View Single Post
  #6   Report Post  
Posted to alt.home.repair
mm mm is offline
external usenet poster
 
Posts: 7,824
Default Surge protectors in series

On Sun, 03 May 2009 16:48:03 -0400, Bryce
wrote:

Caesar Romano wrote:

If two surge protectors are connected in series, is the amount of
surge protection available at the down-stream protector approximately
equal to the sum of the two individual protections??
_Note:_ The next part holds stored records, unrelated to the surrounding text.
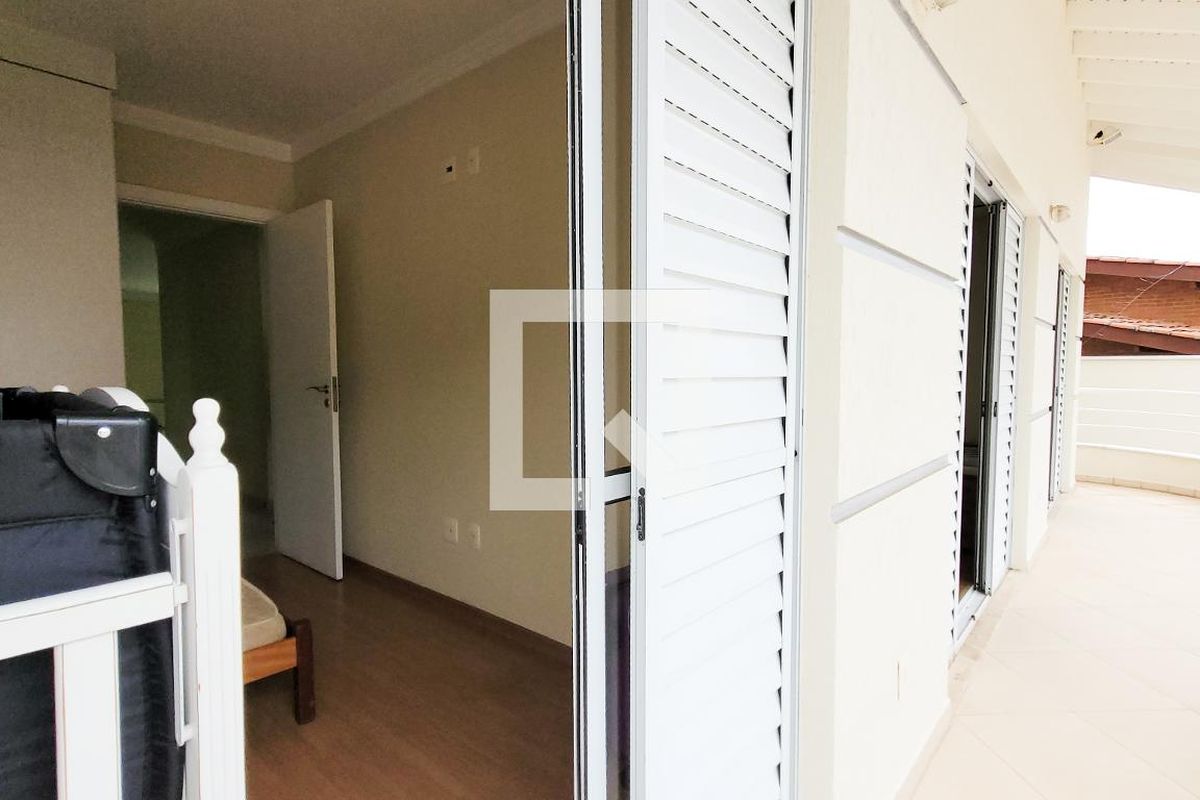 Casa à Venda - Vila Brandina, 4 Quartos,  492 m2 em , Campinas - sp | SoloBR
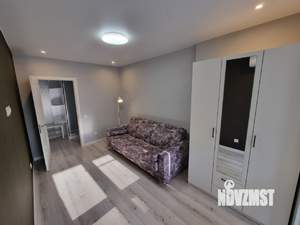 2-к квартира, на длительный срок, 55м2, 15/18 этаж
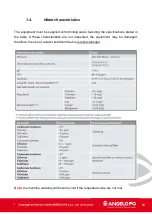 Preview for 13 page of MARMON ANGELO PO ACT.O Technical Manual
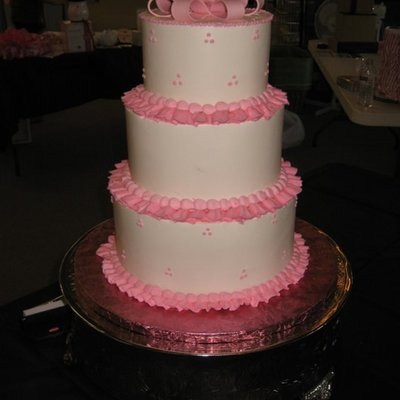 Pink Ribbon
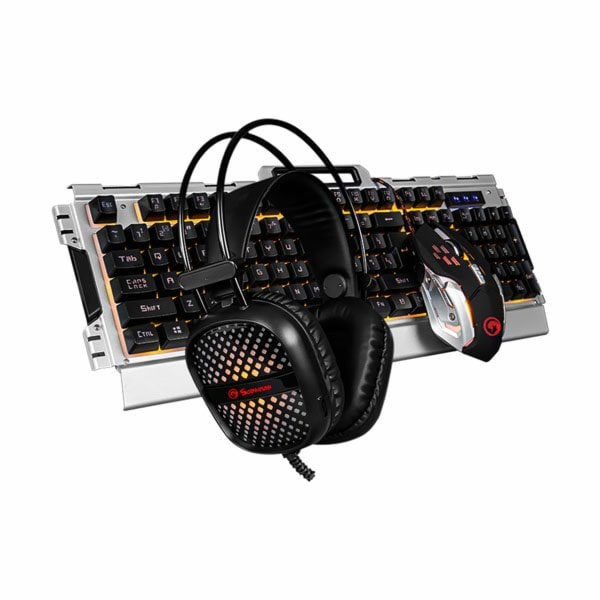 Marvo CM303 US herní set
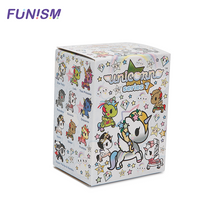 Load image into Gallery viewer, tokidoki Unicorno Series 7 Blind Box
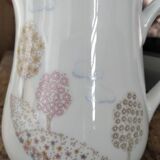 Pillvuyt pitcher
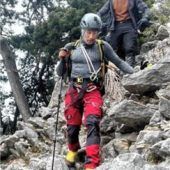 Es ist ein Wettlauf gegen die Zeit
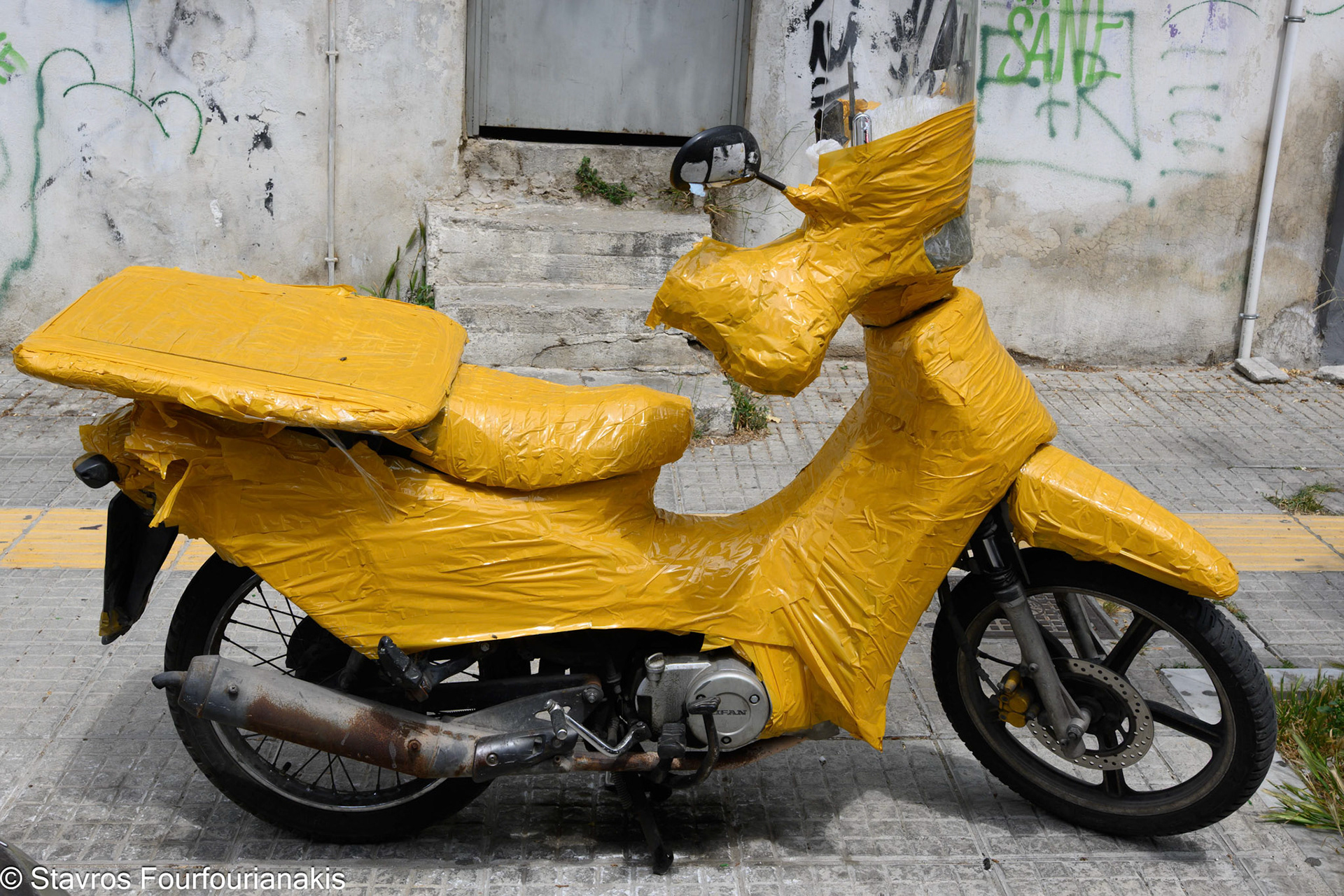 Athens, 2023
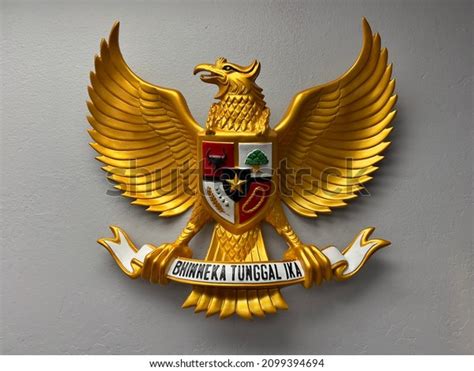Garuda Pancasila Png
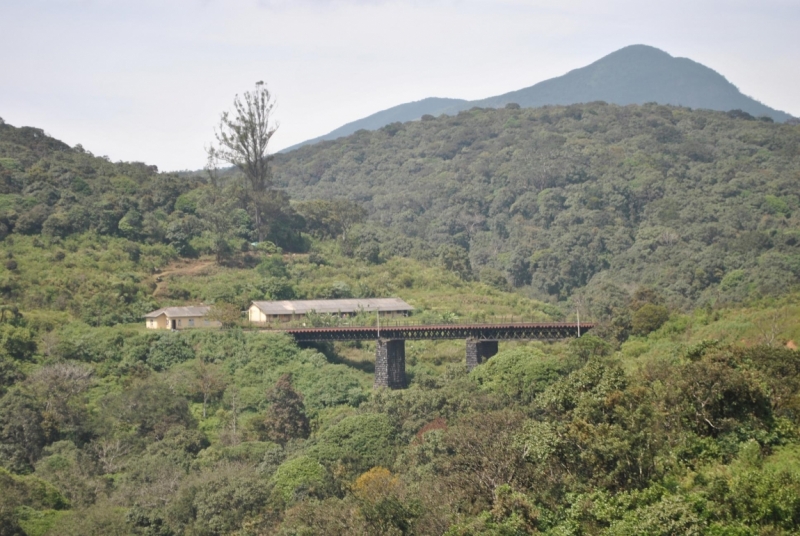 Незатоптанные красоты Шри Ланки.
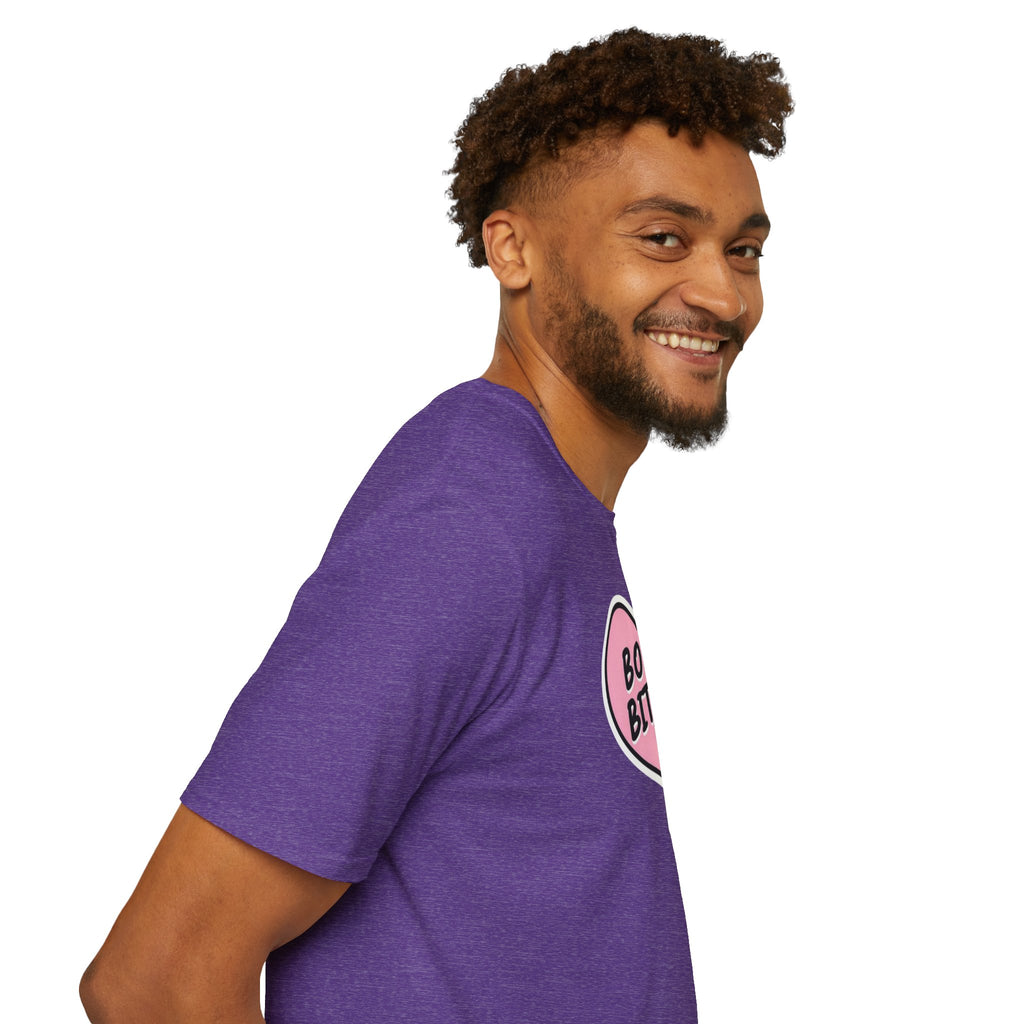 Boss Bitch T-Shirt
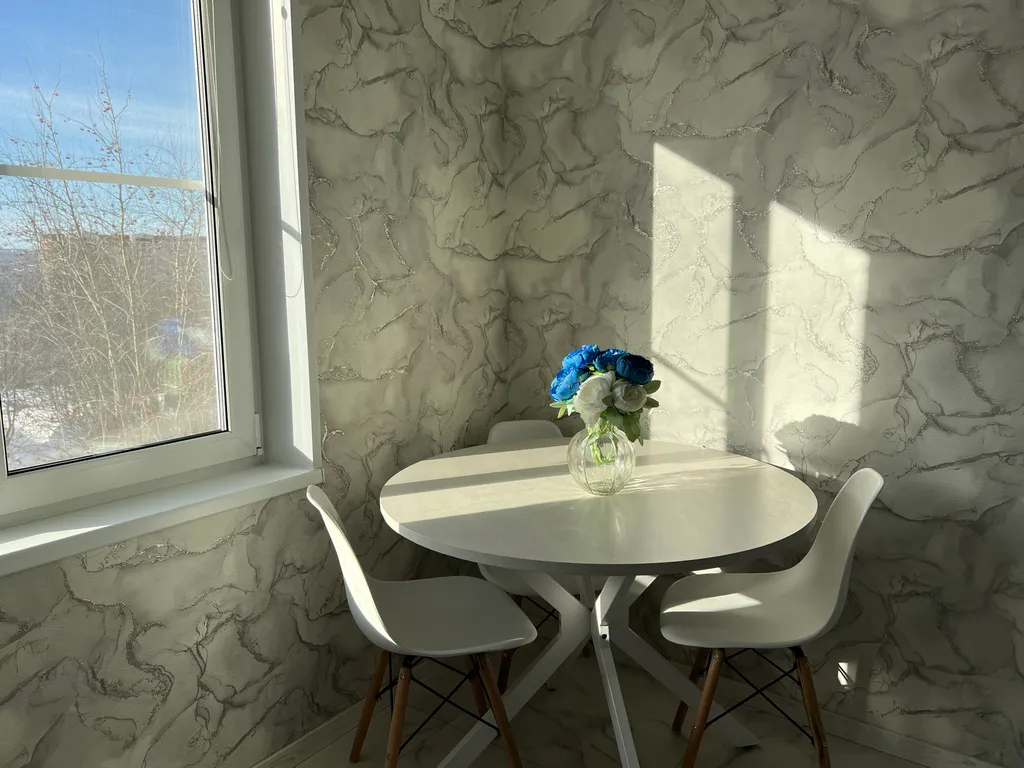 Апартаменты на Кольском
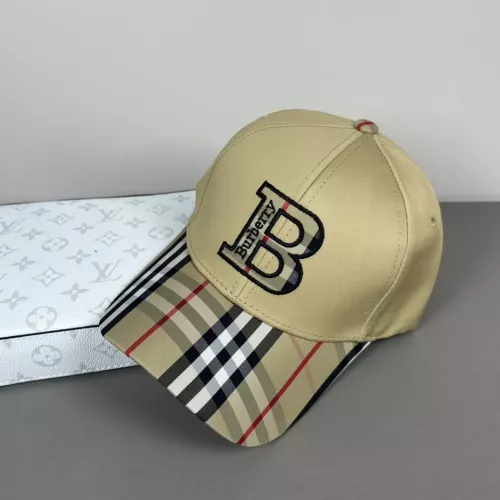 Cheap Burberry Caps #1300546 Replica Wholesale [$25.00 USD] [ITEM#1300546] on Replica Burberry Caps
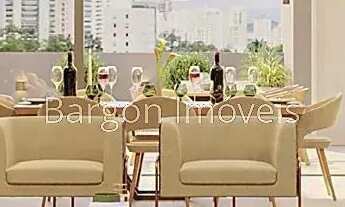 Imagem 7: Cobertura com 5 suítes a venda no Centro de Juiz de Fora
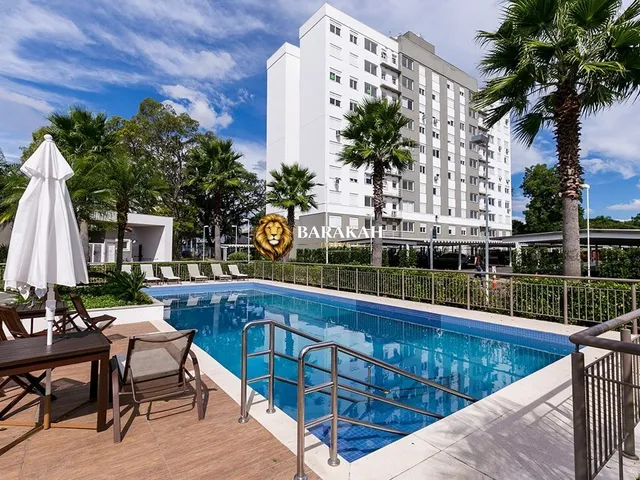 Imagem 12: Vida Viva Clube Canoas - Apartamento em Centro, Canoas/RS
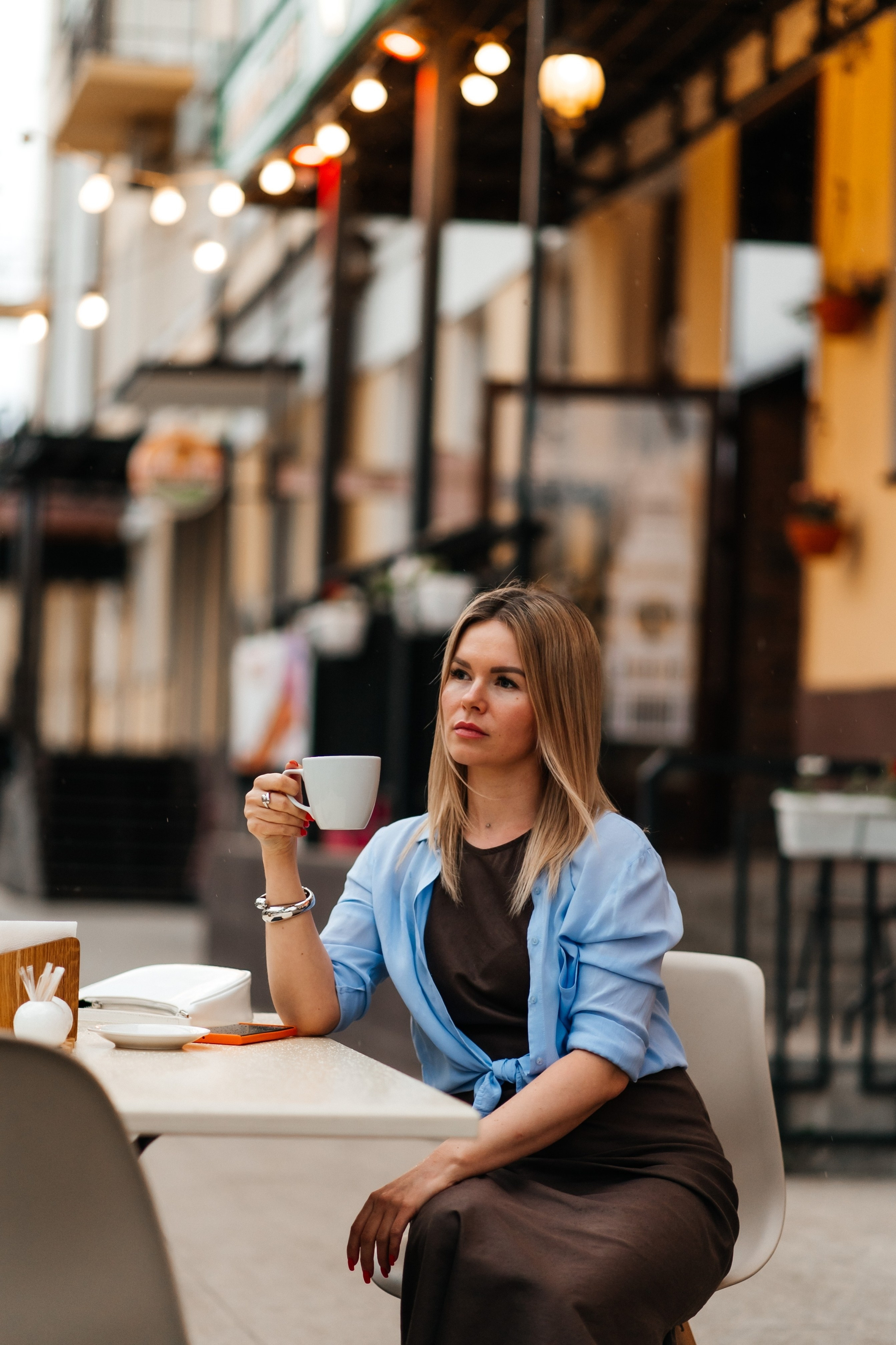Евгения на Советской. Семейный фотограф в Оренбурге Анна Рожкова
By 'surge protector', do you mean something like plug strips with
MOV peak voltage limiting? If so, the upstream device will limit
an overvoltage transient and the downstream device sees normal
waveform and provides added protection only if the upstream
device fails. Actually, the varistors don't provide an absolute
clamp at their trigger voltage, but the downstream guy will do
very little protecting.

If you're referring to connecting two MOV's in series across the
line, then the overvoltage clamping will begin when line voltage
reaches the sum of the individual MOV clamp voltages. The same
transient current will flow through each MOV, and each will
dissipate part of the transient (as heat). If they have the same
clamp voltage, then each MOV absorbs half of the energy.


You don't finish, but aren't you saying that the voltage that gets to
the appliance can reach twice the voltage with only one MOV across the
line, that it's much worse, much less, practically no protection with
two? I don't know enough to know, but that sounds conceivable and
sounds like the logical next sentence to what you wrote.